What you return should be every line below, word for word, and none of the images.

# Dataset extract
◆ ◆ ◆ ◆ ◆
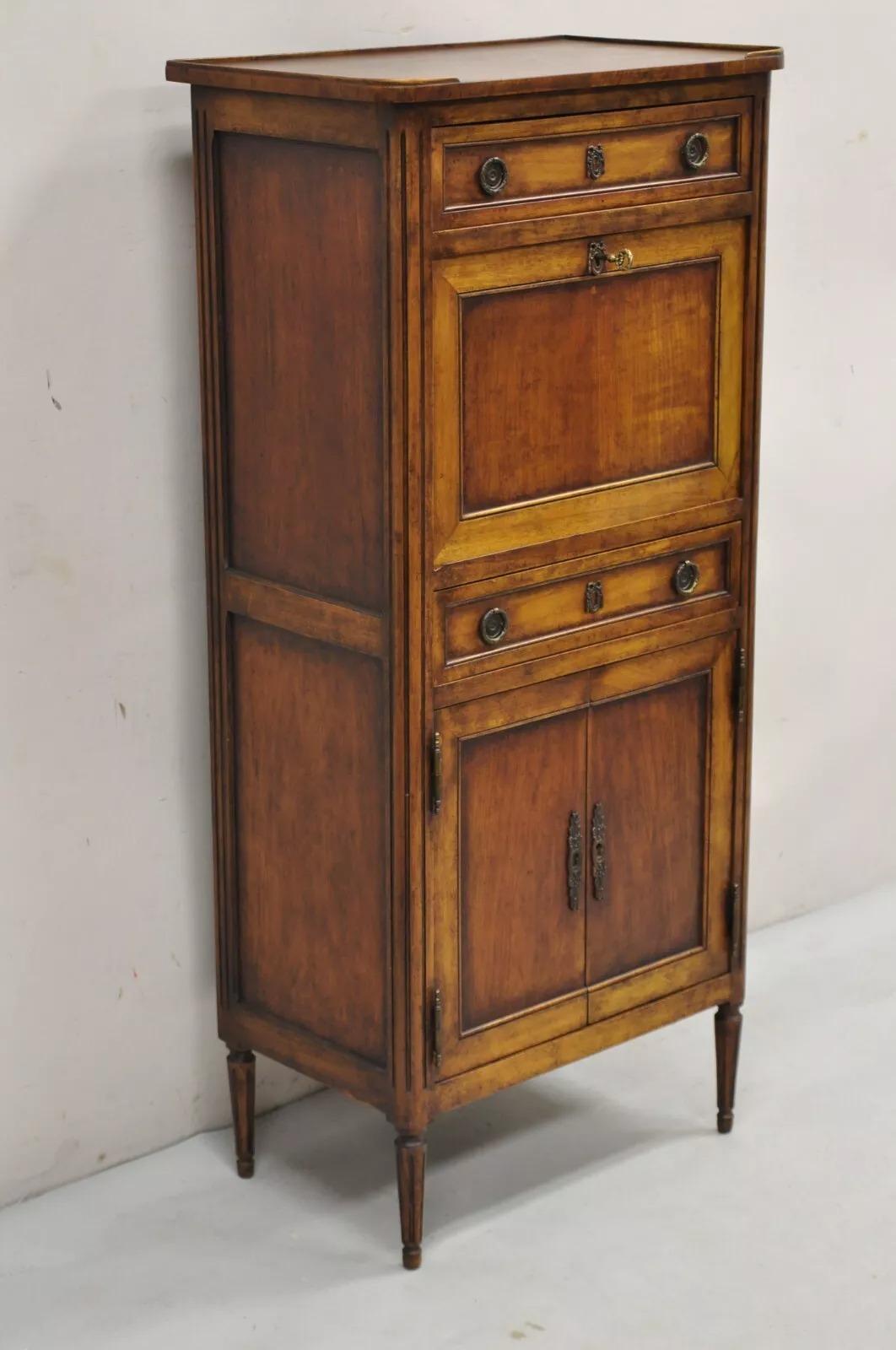 Vintage French Louis XVI Style Cherry Wood Abbatant Secretary Desk for Bloomingdale's. Item features 2 dovetailed drawers with lined interior, working locks and key, green tooled leather top writing surface, original label which reads 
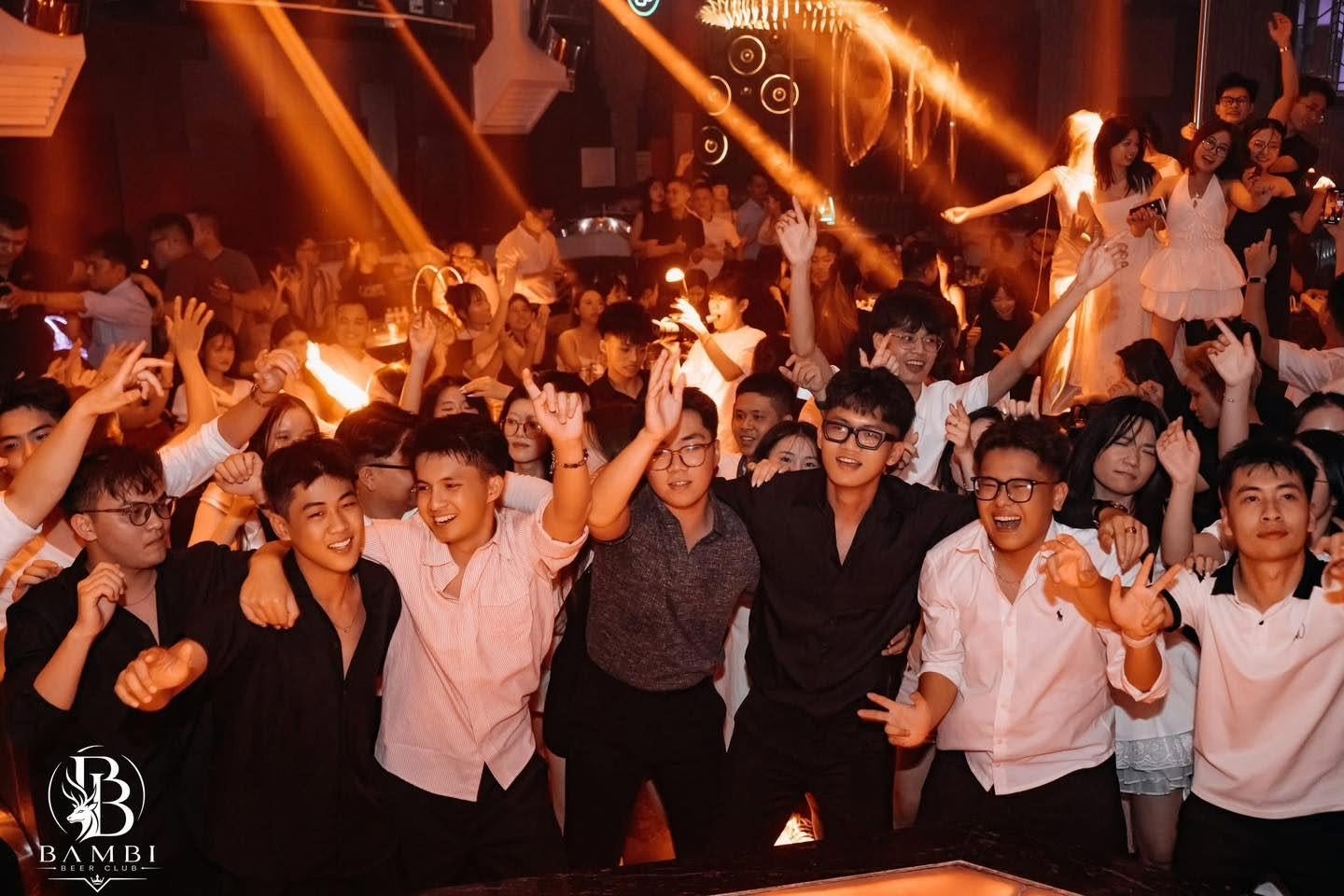 Khách cổ vũ trước sân khấu DJ dưới đèn cam tại Bambi Club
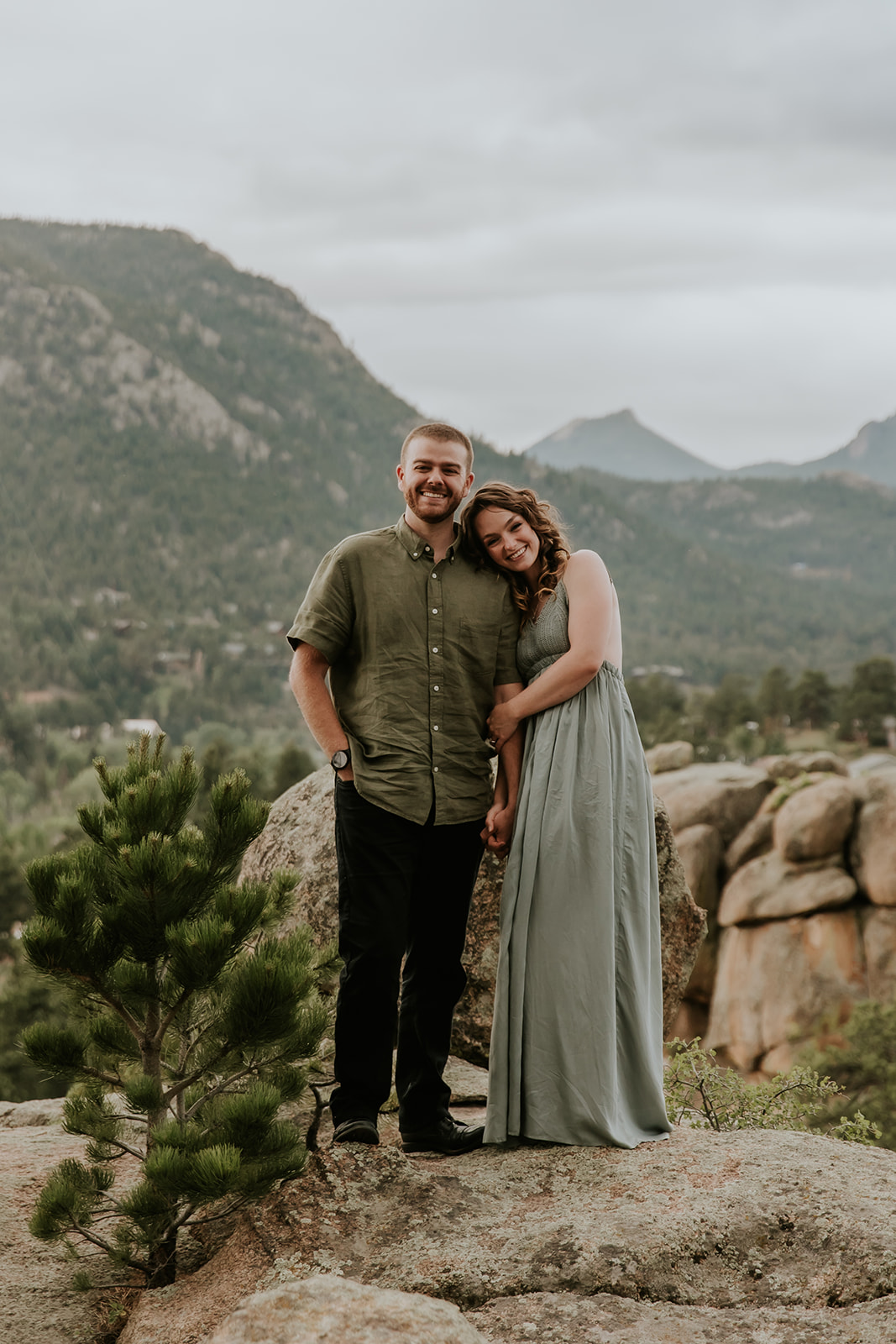 couple holding hands standing on a rock with the rockies in the background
◆ ◆ ◆ ◆ ◆
# Answer to this exercise
 Vintage French Louis XVI Style Cherry Wood Abbatant Secretary Desk for Bloomingdale's. Item features 2 dovetailed drawers with lined interior, working locks and key, green tooled leather top writing surface, original label which reads 
 Khách cổ vũ trước sân khấu DJ dưới đèn cam tại Bambi Club
 couple holding hands standing on a rock with the rockies in the background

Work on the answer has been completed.